- Born: August 6, 1933 Geelong, Victoria, Australia
- Died: October 1, 2024 (aged 91) Hamilton, Victoria, Australia
- Education: RMIT University (then Royal Melbourne Institute of Technology)
- Occupation: Architect
- Spouse: Suzy a'Beckett Boyd
- Awards: 1966 & 1970 RAIA Bronze Medal, Victoria; 1980 Victorian Architecture Medal; 2007 Maggie Edmond Enduring Architecture Award; 2011 Royal Australian Institute of Architects Gold Medal;
- Buildings: Plumbers and Gasfitters Employees Union Building, Winter Park, Ararat Arts Activity Centre, Kew Townhouses

= Graeme Gunn =

Australian architect (born 1933)

Graeme Cecil Gunn (6 August 1933 – 1 October 2024) was an Australian architect and Dean of the Faculty of Architecture at RMIT.

==Early life==
Graeme Cecil Gunn was born in Geelong, Victoria, on 6 August 1933. The family moved to Hamilton in Western Victoria in 1935. Gunn briefly worked for his father, who was a builder in Hamilton nicknamed "Gable Gunn" for his distinctive extended ridge lines.

==Architecture career==
Gunn left Hamilton to study architecture at the Royal Melbourne Institute of Technology in 1956 (later RMIT University). He worked at Grounds, Romberg and Boyd, before starting his own residential practice in 1962.

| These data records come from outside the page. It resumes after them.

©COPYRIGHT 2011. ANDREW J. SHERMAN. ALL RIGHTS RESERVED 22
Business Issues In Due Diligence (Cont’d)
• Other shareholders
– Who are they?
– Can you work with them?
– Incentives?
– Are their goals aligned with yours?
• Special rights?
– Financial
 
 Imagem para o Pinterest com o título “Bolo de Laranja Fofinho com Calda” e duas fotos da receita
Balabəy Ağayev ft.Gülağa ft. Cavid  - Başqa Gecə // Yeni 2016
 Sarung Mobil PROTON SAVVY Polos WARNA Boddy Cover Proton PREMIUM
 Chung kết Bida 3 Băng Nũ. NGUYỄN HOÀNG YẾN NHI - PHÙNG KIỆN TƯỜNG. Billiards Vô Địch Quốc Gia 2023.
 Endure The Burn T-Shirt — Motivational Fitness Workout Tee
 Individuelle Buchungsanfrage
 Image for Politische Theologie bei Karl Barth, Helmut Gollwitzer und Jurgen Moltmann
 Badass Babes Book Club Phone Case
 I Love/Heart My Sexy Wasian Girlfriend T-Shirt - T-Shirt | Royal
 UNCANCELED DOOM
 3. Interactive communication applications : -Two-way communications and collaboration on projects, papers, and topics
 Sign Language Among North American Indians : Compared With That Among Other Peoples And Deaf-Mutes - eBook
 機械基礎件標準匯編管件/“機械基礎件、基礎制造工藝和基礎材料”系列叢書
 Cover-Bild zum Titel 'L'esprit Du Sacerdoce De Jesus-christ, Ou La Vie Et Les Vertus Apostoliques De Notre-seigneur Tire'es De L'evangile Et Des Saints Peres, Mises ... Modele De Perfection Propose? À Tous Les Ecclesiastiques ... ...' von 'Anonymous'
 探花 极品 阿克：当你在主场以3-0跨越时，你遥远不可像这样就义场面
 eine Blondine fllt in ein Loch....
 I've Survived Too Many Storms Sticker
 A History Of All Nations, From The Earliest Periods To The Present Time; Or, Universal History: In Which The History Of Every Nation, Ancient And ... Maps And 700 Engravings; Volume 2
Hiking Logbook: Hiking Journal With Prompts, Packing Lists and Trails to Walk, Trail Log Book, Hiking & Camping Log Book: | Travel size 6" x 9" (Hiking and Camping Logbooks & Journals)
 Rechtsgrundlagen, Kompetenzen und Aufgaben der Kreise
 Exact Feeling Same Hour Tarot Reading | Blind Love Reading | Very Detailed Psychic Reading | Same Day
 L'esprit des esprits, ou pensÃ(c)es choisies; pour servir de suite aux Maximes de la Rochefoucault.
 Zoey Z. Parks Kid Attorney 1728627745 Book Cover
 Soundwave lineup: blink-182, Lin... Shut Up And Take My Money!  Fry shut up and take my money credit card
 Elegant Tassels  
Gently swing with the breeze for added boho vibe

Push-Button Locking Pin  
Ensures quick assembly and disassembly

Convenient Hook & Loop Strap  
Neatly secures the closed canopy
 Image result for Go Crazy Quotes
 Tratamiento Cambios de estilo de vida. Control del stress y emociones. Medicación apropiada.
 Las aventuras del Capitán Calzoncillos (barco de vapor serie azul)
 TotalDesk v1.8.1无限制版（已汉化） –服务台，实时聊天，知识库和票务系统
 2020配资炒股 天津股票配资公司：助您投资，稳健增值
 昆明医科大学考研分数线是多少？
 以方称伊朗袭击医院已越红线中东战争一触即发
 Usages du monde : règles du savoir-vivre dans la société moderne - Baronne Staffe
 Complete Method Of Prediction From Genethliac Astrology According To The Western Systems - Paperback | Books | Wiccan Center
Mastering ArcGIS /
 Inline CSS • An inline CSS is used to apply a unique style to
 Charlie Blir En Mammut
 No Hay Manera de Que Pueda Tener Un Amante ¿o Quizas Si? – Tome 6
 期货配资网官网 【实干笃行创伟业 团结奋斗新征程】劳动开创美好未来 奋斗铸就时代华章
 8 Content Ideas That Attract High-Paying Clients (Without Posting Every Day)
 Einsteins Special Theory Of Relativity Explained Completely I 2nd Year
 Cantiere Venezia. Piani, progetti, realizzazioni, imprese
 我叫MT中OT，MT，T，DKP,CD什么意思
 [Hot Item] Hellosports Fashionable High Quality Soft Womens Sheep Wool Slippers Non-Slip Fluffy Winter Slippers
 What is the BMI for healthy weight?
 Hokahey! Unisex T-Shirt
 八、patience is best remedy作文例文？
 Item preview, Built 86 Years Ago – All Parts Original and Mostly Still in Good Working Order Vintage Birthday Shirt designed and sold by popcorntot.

Gunn was head of the School of Architecture and Building at RMIT from 1972 to 1977 and Dean of the Faculty of Architecture and Building from 1977 to 1982.

==Recognition==
In 2001, Gunn was awarded the RAIA Victorian Chapter President's Prize for lifetime contribution to Victorian architecture.

In 2007 the Plumbers and Gasfitters Employees Union Building built in 1970 was presented with the Maggie Edmond Enduring Architecture Award.

In 2011 Graeme Gunn was awarded the Australian Institute of Architects Gold Medal.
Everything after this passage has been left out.